Friday saw us back in Ohio at Cain Park in Cleveland Hghts. This is a beautiful old outdoor venue built with "stimulus Money "(?) ... from the Great Depression! Did those folks ever do a great job of leaving something substantial and timeless behind! The folks in Cleveland were great to us and enjoyed their first taste of phatblues, taking lots of music home with them.
After getting home as the sun came up, we headed over to Catonsville and Iampsfest X for the coolest little festival in town. The band has played here each year since its inception. Steve Iampieri and crew put this on every year to benefit mental health awareness and to raise scholarship money including one in memory of Steve's younger siste, Micki, who was lost in a tragic car accident.

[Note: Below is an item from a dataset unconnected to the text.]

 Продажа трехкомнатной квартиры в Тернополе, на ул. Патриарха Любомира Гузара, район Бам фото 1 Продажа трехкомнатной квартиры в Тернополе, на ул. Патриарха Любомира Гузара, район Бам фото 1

We'll be back for Steve every year he holds this event. After our early evening set it was off to Leesburg, VA for a late show at Bunker.
This week we're back for our regular turn at Whitlow's on Wilson in Arlington. WOW is right. Great food and good times. That's all that happens here. Wanna come? Saturday we're playing in the great outdoors at the Urbana Music Festival near Frederick. This is the first year for this event and we're looking ton get kicked off right. Later that day we head back towards B-more for a private party. Then Sunday it's off to Ohio for the third consecutive weekend to Ohio, this time to the Columbus area for Blues, Brews and Barbecue Festival at Lincoln Park in Kettering, near Columbus. Dr. John and Robert Randolph will also be appearing on this one. This will give us a little extra motivation as we trek out I-70.
So it's a Clarendon to Columbus weekend and hopefully we'll see you somewhere along the way. Until then ... Peace!!
Hello all. This is coming to you from the road on the way to the Troy-Haner Cultural Center in Troy, OH just outside of Dayton. Does I-70 ever end? Anyway thanks to everyone who came out to see us at celebrate Fairfax and at June Jam II last weekend as well as Wednesday for the Capitol Riverfront concert Series in DC. It was pretty much a DC trifecta. This week we're a lot farther as well as a little closer to home... "How's that," you say.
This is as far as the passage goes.